Banhart est plutôt extraverti pour son genre. Il a maintenant l’habitude de surfer sur la vague de reconnaissance qui s’attache à lui, et ce n’est pas sa signature récente avec la major Warner Bros qui dira le contraire. Il est devenu un genre de star un peu étrange, qui refuse encore de se prendre au sérieux. Sa voix, seule, est devenue peut être un peu plus conventionelle avec le temps, Banhart exploitant maintenant au mieux les qualités de son timbre.
Les facettes différentes de la musique de Banhart se côtoient parfois sur le même titre ; c’est le cas sur Angelica, qui oscille entre chanson folk et samba, pour un résultat tout à fait personnel.
Ses détracteurs remarquent souvent que ses chansons installent une ambiance sans aller nulle part ; que ce sont seulement des fantaisies, voire des coquetteries – d’aucuns s’agacent de l’entendre chanter en espagnol. Son septième album en sept ans, What we Will be, ne les fera pas changer d’avis. Disque plein de bribes, de ce qui peut ressembler à des essais pour bien faire, Banhart ne se fixe presque jamais. En résulte l’impression d’un résultat inabouti, mais charmant.

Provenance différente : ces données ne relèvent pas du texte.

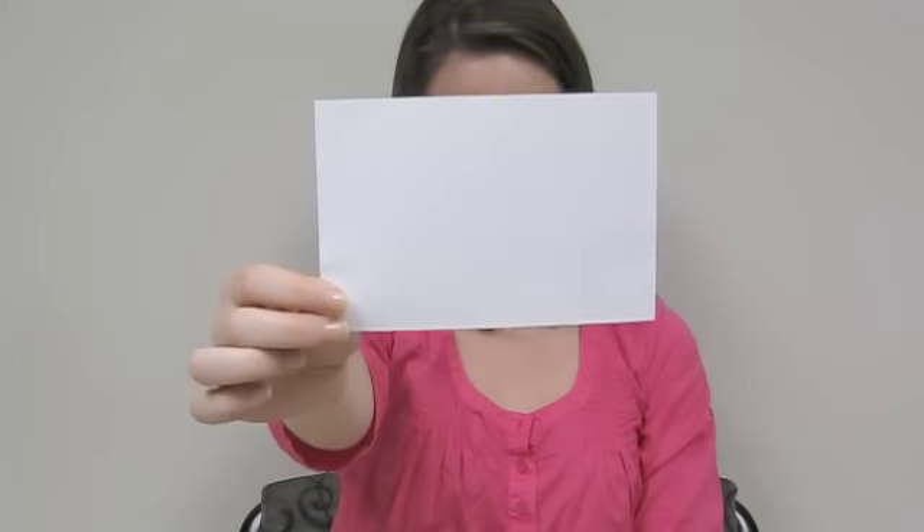Next, repeat this exercise with small head movements up and down. Look at the target x and keep it in focus. Now begin moving the card opposite to your head movement. The goal remains the same: always keep the target in clear focus and stationary.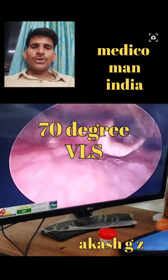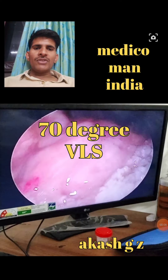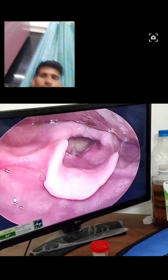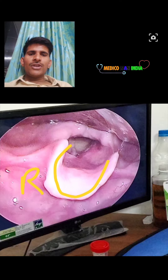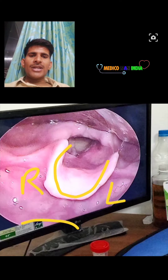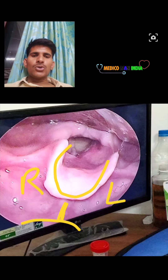Here we are doing a 70-degree video laryngoscopy. As we put the endoscope in and move inward, you can see the base of the tongue. Moving forward, this is the epiglottis cartilage. Here is the right side follicular and the left side follicular, and this is the base of the tongue. Here is the median glossoepiglottic fold.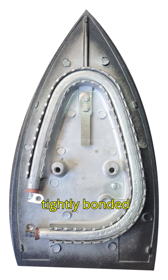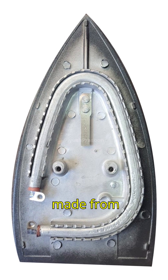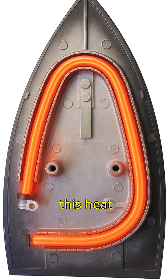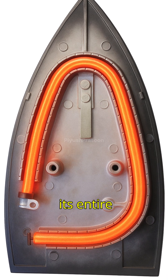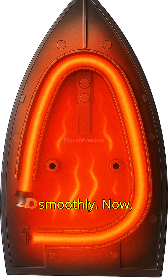The heating element is tightly bonded to the thick metal sole plate of the iron, usually made from aluminum or stainless steel. The sole plate distributes this heat evenly across its entire flat surface, so your clothes get pressed smoothly.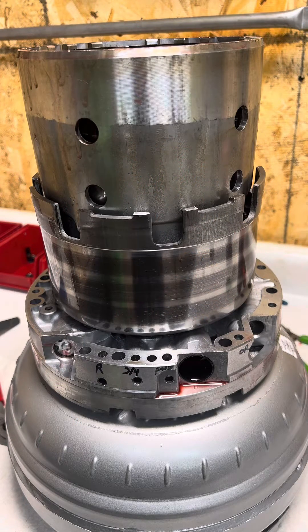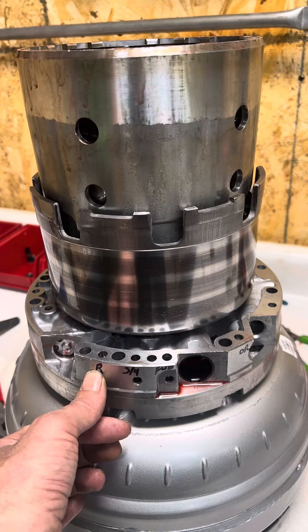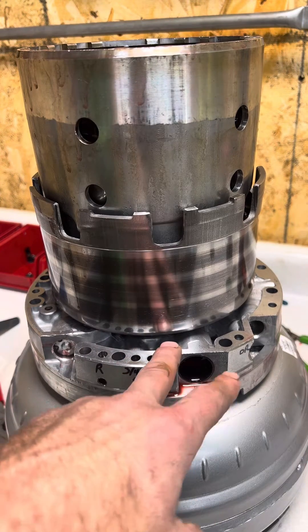Hey guys, Justin from Extreme Transmission. Let's go ahead and do an air test on a 4L60E. I've gone ahead and labeled the ports for you: reverse, three-four, forward, and overrun. For the overrun clutch, you're going to have to plug the forward port as well.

First/Last Song for B distille une mélancolie un peu surprenante pour celui qui nous a habitués à un optimisme vivifiant. 16th and Valencia Roxy Music est bien plus étonnant encore, évoquant le prog-rock de Franz Ferdinand, un son propre ou chaque élément est soudain à sa place. Banhart cherche de nouvelles formes de concision. Rats est lente, psychédélique, progressive, c’est l’un des meilleurs titres du disque. Banhart clôt le titre en toussant dans son micro et en disant simplement « rats ». Terrible. Maria Lionza, pièce de presque six minutes, est agréablement habitée, et s’en tire comme une sorte de jam-session aérienne et jazzy. Un autre morceau de bravoure est le Foolin’ final, reggae doux et amical.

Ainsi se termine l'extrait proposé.